Inhaltsverzeichnis |
[Bearbeiten] Verankerung im Grundgesetz
Das Sozialstaatsprinzip gehört neben dem Rechtsstaats-, dem Föderalismus- und dem Demokratieprinzip zur Grundlage der Verfassungsordnung der Bundesrepublik Deutschland. Das Grundgesetz (Art. 20 GG) legt fest:
- „Die Bundesrepublik Deutschland ist ein demokratischer und sozialer Bundesstaat.“
Das Sozialstaatsprinzip ist damit im Grundgesetz als Staatsziel verankert, das neben der Garantie der Menschenwürde und der Menschenrechte den Schutz der Ewigkeitsgarantie des Art. 79 Abs. 3 GG (Ewigkeitsklausel) genießt.

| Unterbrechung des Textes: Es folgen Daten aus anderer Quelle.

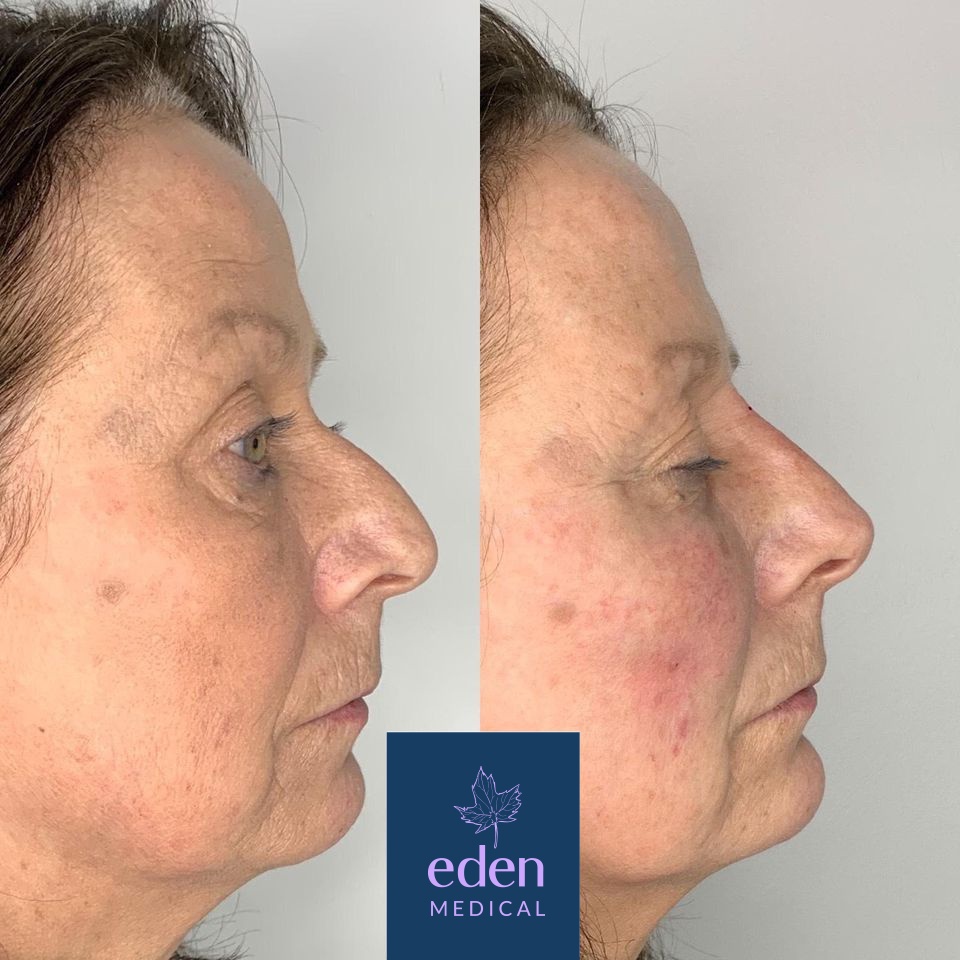 Nose filler before and after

Der Grundrechtskatalog der Art. 1-19 GG nennt aber mit Ausnahme des Mutterschutzes in Art. 6 Abs. 4 GG explizit keine rechtlich bindenden sozialen Grundrechte oder Teilhaberechte, wie etwa ein Recht auf Arbeit. Auch eine bestimmte Wirtschaftsordnung gibt die Verfassung nicht vor. Sie schützt das Privateigentum, bindet dessen Nutzung aber an das Gemeinwohl. Art. 14 Abs. 2 GG lautet: "Eigentum verpflichtet. Sein Gebrauch soll zugleich dem Wohle der Allgemeinheit dienen."
Infolgedessen wird das Wirtschaftssystem der Bundesrepublik oft als Soziale Marktwirtschaft bezeichnet, da der Staat sich das Recht vorbehält, umverteilend in das Wirtschaftsleben einzugreifen, während sich die Wirtschaft zugleich am Markt orientiert - im Gegensatz zur zentralen Planwirtschaft. Der Begriff „Soziale Marktwirtschaft“ geht auf den Volkswirtschaftler Alfred Müller-Armack zurück, der unter Ludwig Erhard Staatssekretär im Bundeswirtschaftsministerium war.

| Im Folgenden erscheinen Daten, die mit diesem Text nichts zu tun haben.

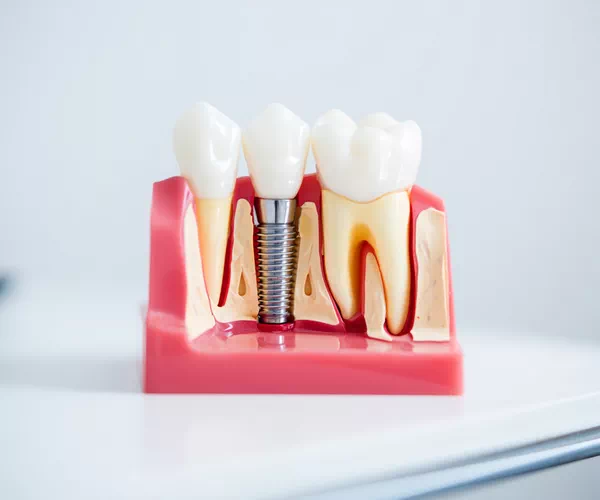 what are dental implants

[Bearbeiten] Geschichte des Sozialstaats
Bereits in der Antike und im Mittelalter gab es vereinzelt Versuche von Seiten des Staates, die materielle Not seiner Bürger oder Untertanen zu lindern. Dahinter stand seit je her der Gedanke, Unruhen und Aufstände zu verhindern und für politische Stabilität zu sorgen.
Auch die Ursprünge des modernen Sozialstaatsgedankens gehen auf solche Überlegungen zurück. Entwickelt hat er sich im 19. Jahrhundert als Folge der Industriellen Revolution und der Massenverelendung breiter Bevölkerungsschichten. Er basiert auf der Erkenntnis, dass Eigentum die Basis für die Ausübung von Rechten ist und dass Freiheit substanzlos bleibt, wenn ihre Ausübung nicht durch Eigentum gewährleistet ist. Durch staatliche Umverteilung sollten Arme und Schwache eine elementare Grundsicherung erhalten.

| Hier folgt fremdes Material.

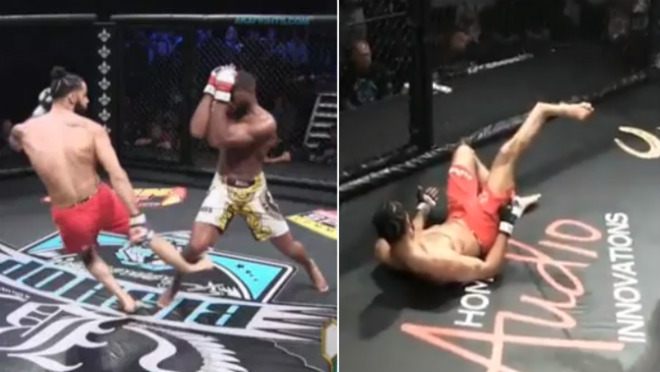 Võ sĩ MMA tung cước vào đầu gối, chân biến dạng đáng sợ - 1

Soziales Handeln war aber immer zugleich Ordnungspolitik, die auf die Erhaltung des sozialen Friedens abzielte. So sollten die unter Reichskanzler Otto von Bismarck in den 80er Jahren des 19. Jahrhunderts in Deutschland eingeführte Renten-, Kranken- und Unfallversicherung die wachsende Bevölkerungsschicht der Industriearbeiter von revolutionären Bestrebungen abhalten. Der Schwerbeschädigtenschutz wurde nach dem 1. Weltkrieg 1919, die Arbeitslosenversicherung 1927 eingeführt. 1995 folgte die Pflegeversicherung.
Seit dem 2. Weltkrieg wurden die sozialstaatlichen Leistungen in fast allen westeuropäischen Staaten über die reine Grundsicherung hinaus erweitert.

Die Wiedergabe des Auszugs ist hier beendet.